ABD ile ilişkide çark noktası 11 Eylül 2001 tarihinden itibaren küresel ölçekte başlayan büyük mücadele, Türkiye'nin yeniden yapılanmaya başladığı döneme denk geldi. Cumhuriyet'in Türkiye'yi getirdiği nokta yani laik, demokratik, kapitalist ve Müslüman nüfuslu bir ülke olma gerçeği ülkenin değerini bu yeni küresel mücadele içinde artırdı. Bu nedenle de Türkiye kendini toparlarken dünya sisteminden destek alabildi. İslamcı bir söylemle ortaya çıkan küresel ölçekteki nihilist terörizm ile düzen arasındaki mücadelede Türkiye tarihsel birikimi nedeniyle özel bir konumdaydı. Batı sistemi içinde olması ve özellikle laikliği yalnızca Batı açısından değil, dünyanın yükselen güçleri Çin ve Hindistan açısından da önemseniyordu. Müslüman ülkelerde dinci şiddet ve otoriter rejim seçeneklerinden bunalmış toplumlar da Türkiye örneğine ve deneyimine ilgiyle bakıyordu. Derin bir kimlik bunalımı içinde olan AB'nin kendi krizine rağmen Türkiye ile devam kararı alabilmesinin bir nedeni de buydu. ABD'nin Türkiye'ye kızgınlığına rağmen yeniden işbirliğini tercih etmesi hükümetin değişen siyaseti kadar buna da bağlıdır. ABD Dışişleri Bakanı'nın son anda telefonlarla AB krizine müdahalesi de.

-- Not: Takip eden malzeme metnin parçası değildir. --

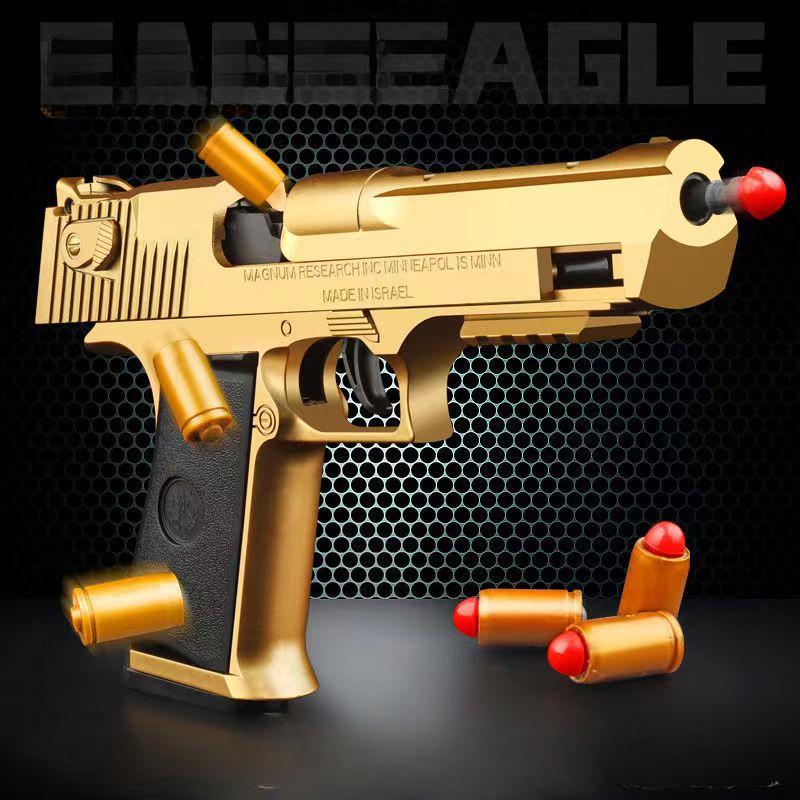 Desert Eagle механический пистолет непрерывного огня с функцией выброса гильз декомпрессионная игрушка пустой подвесной игрушечный пистолет с мягкой пулей подарок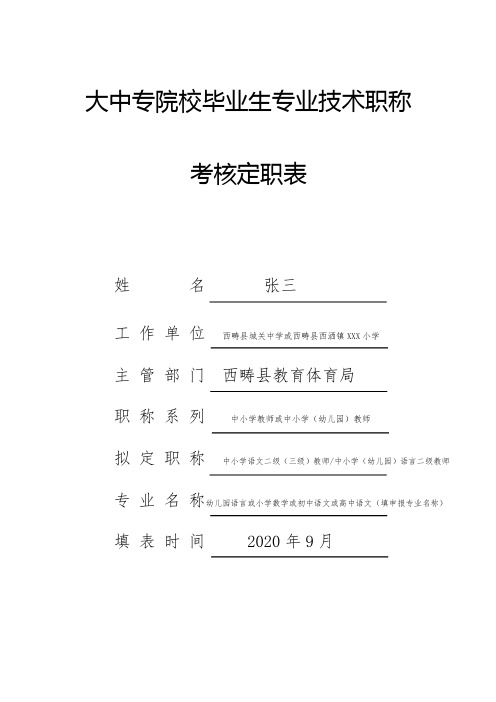 云南省大中专院校毕业生专业技术职称考核定职表(模板)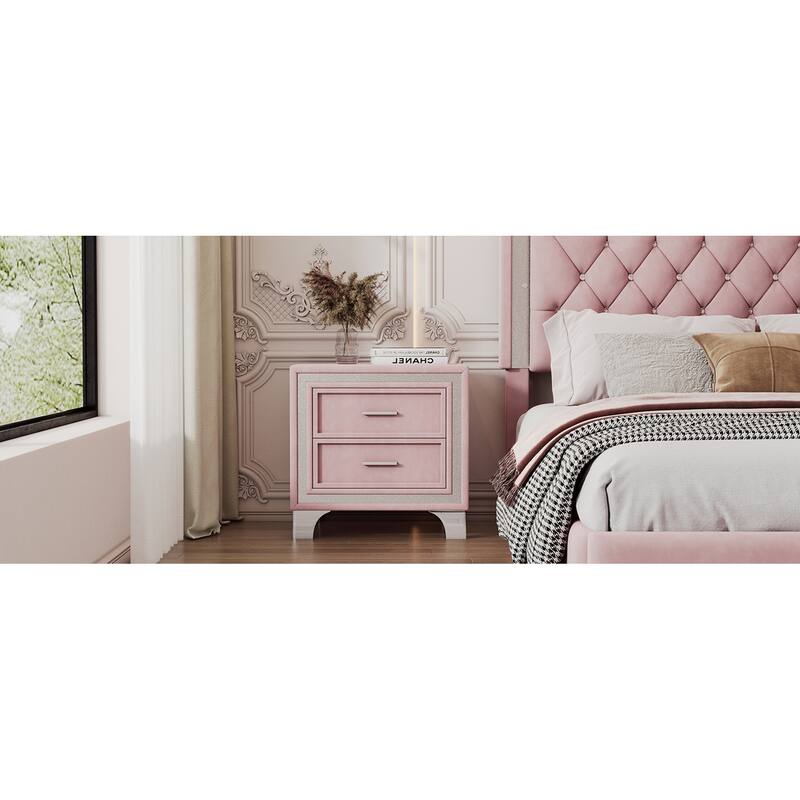 2-Drawer Nightstand with Metal Legs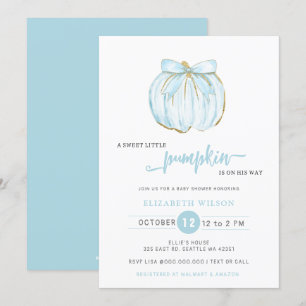 Invitation Baby shower citrouille Blue Bow Boy
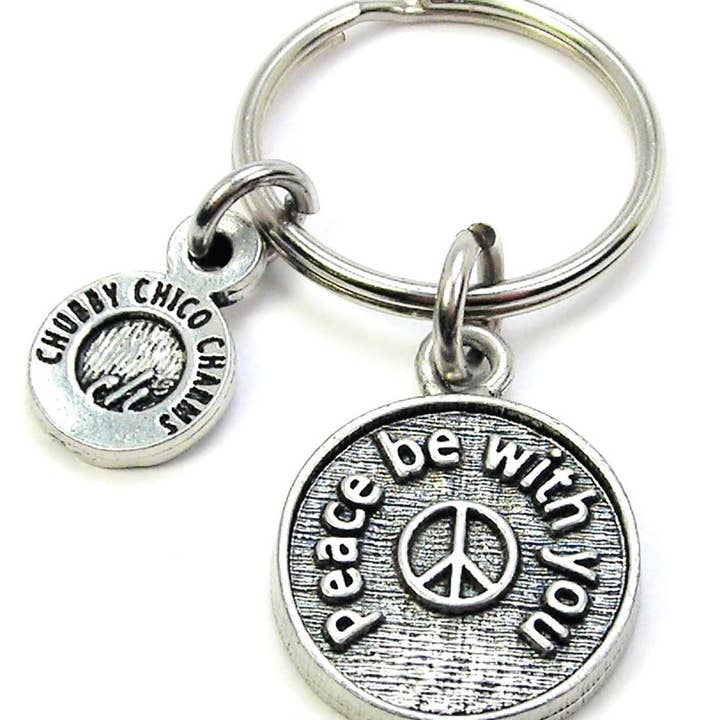 Peace Be With You Circle Sleutelhanger Geloof Gebed Religie voor wholesale door Chubby Chico Charms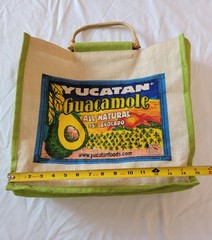 Yucatan Guacamole Burlap Tote Bag Bamboo Handles Reusable Bag EUC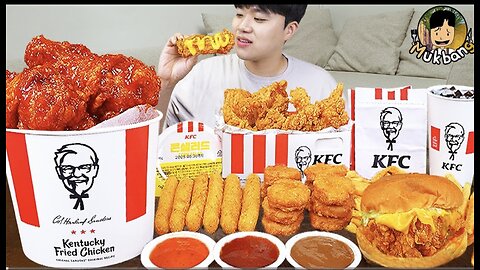ASMR MUKBANG | KFC Crispy Fried Chicken, Cheese burger, cheese stick recipe ! eating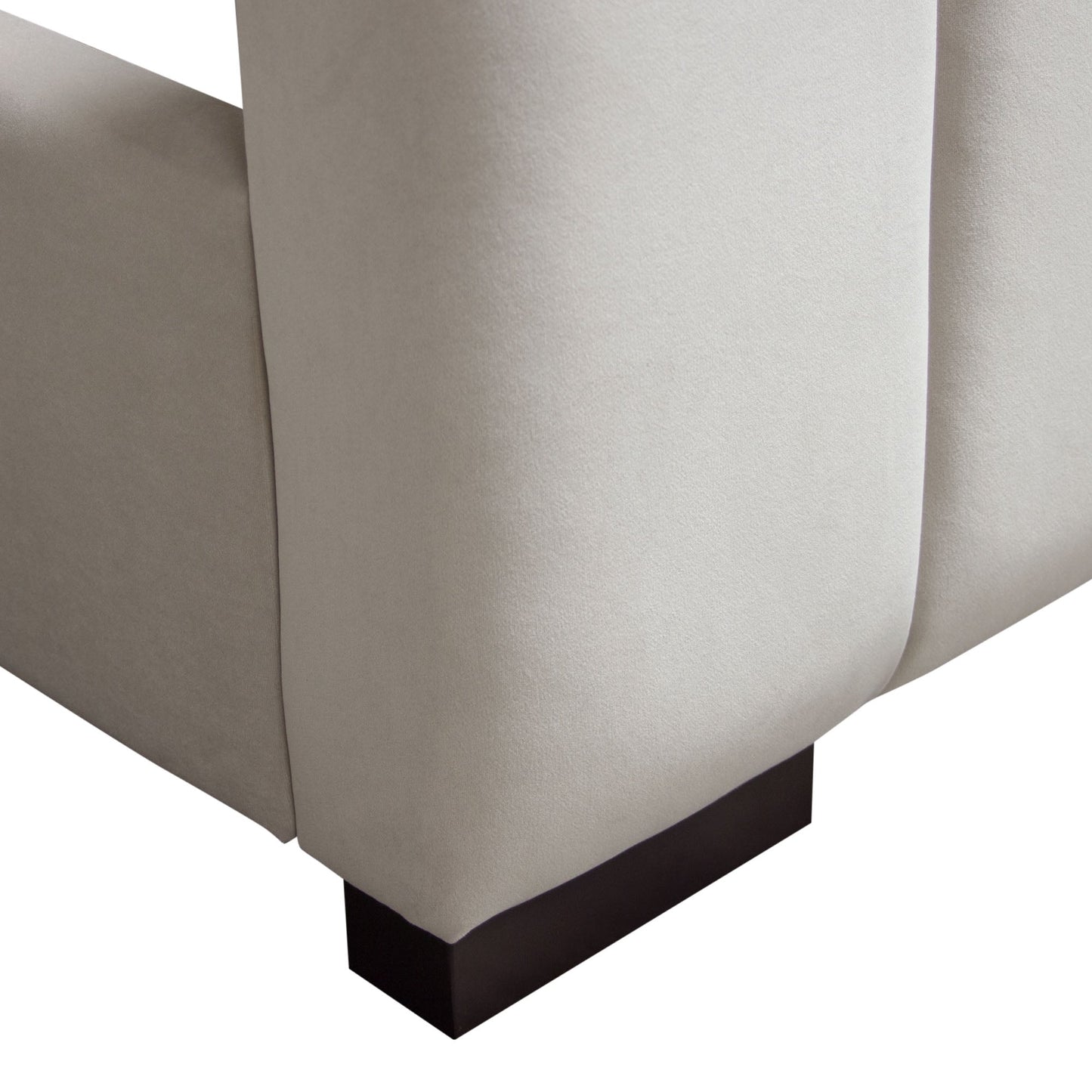 Venus Vertical Channel Tufted Queen Bed in Light Grey Velvet by Diamond Sofa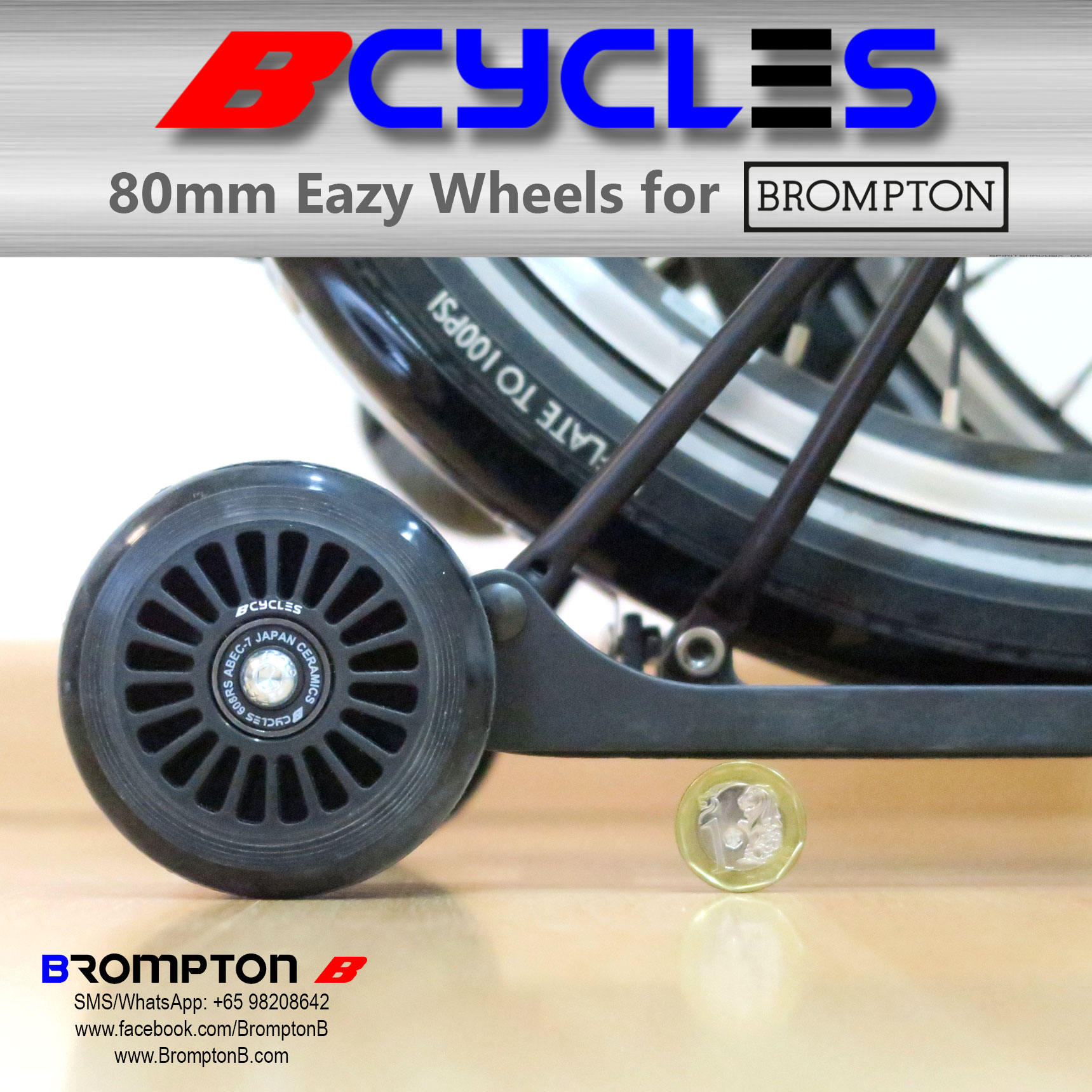 B-Cycles 80mm Eazy Wheels (for Bromptons) - Image 17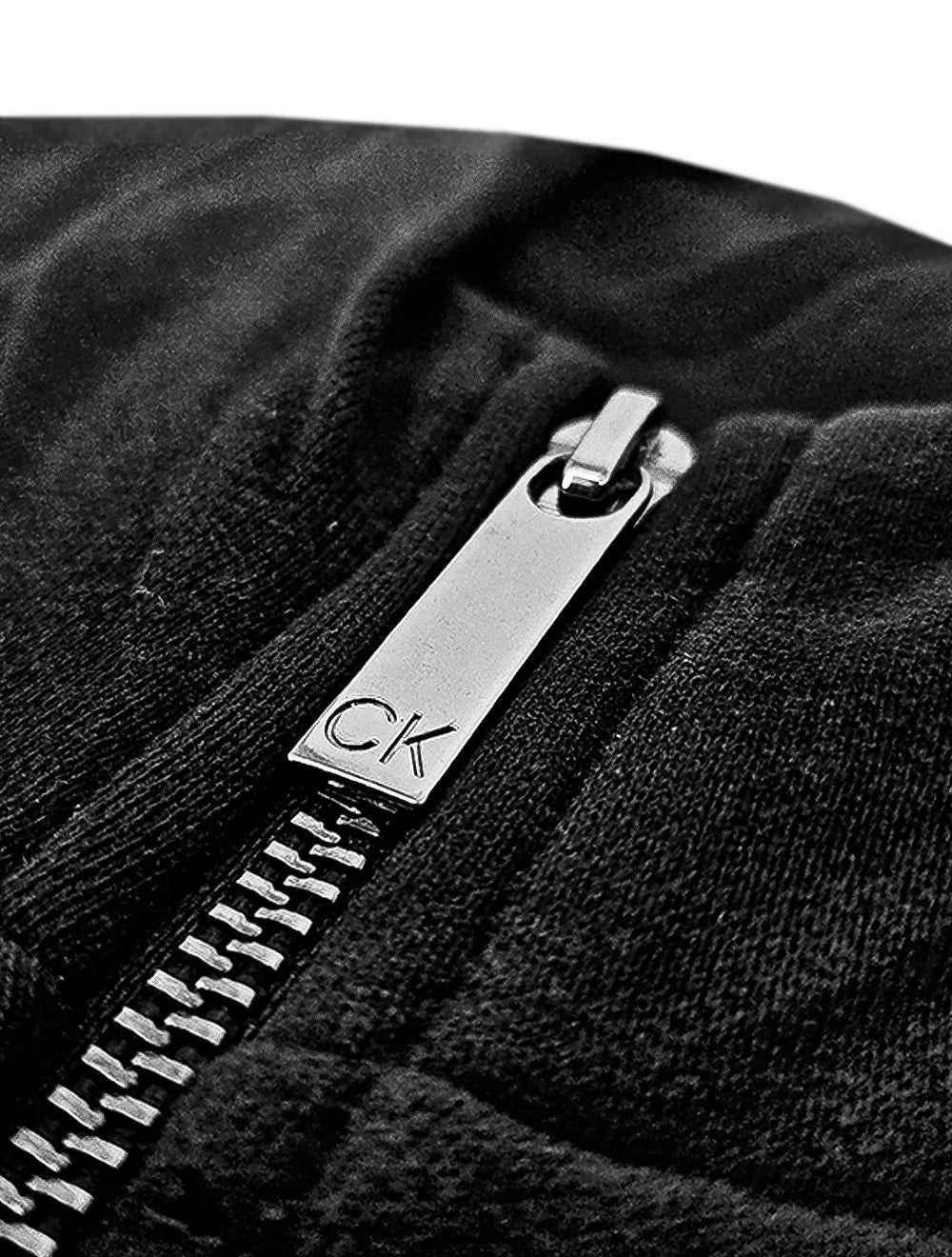 Moletom Calvin Klein Masculino Hoodie Full-Zip CK Tag Preto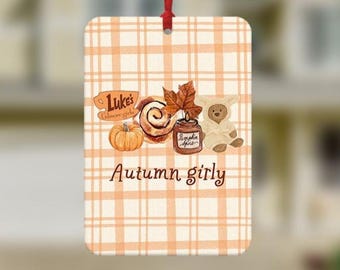 Autumn Aesthetic Car Air Freshener, Autumn Girly, Halloween gifts, Spooky Season, Horror Lover, Autumn Gifts, Pumpkin Spice Lover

Önemli anın tadını çıkarmalı Türkiye bu süreçte kendisi de ciddi bir çalkantı geçirdi ve geçiriyor. Batılı olup olmadığı konusunda toplumun tereddütleri var. Ancak hayalleri ve arzuları genelde o yönde. Dahası yavaştan da olsa modern dünyaya kendi yapacağı katkıları düşünmeye başladı. Küresel ölçekte insanları, nitelikli düşünürleri var. Halen önünde daha iyi ve refahı sağlayabilecek bir seçenek de yok . Kendisini daha iyi yöneten, ekonomisini teknoloji üretecek şekilde yeniden düzenleyen ve vatandaşlarını iyi eğiten bir Türkiye ise zaten kimsenin reddetmeyi düşünemeyeceği bir ortak sayılır. AB kendi stratejik çıkarları açısından Türkiye ile ilişkiyi surdürmeye zor da olsa karar verdi. Türkiye de bu ilişkiyi kendi çıkarlarına en iyi yarayacak şekilde refah odaklı olarak kullanmayı bilmelidir. Yani son tahlilde bu ülkenin geleceği, toplumun ve siyasetçilerinin elindedir. Ama şimdilik yapılacak şey kısa bir süre için de olsa yaşanan önemli ve güzel anın tadını çıkarmaktır.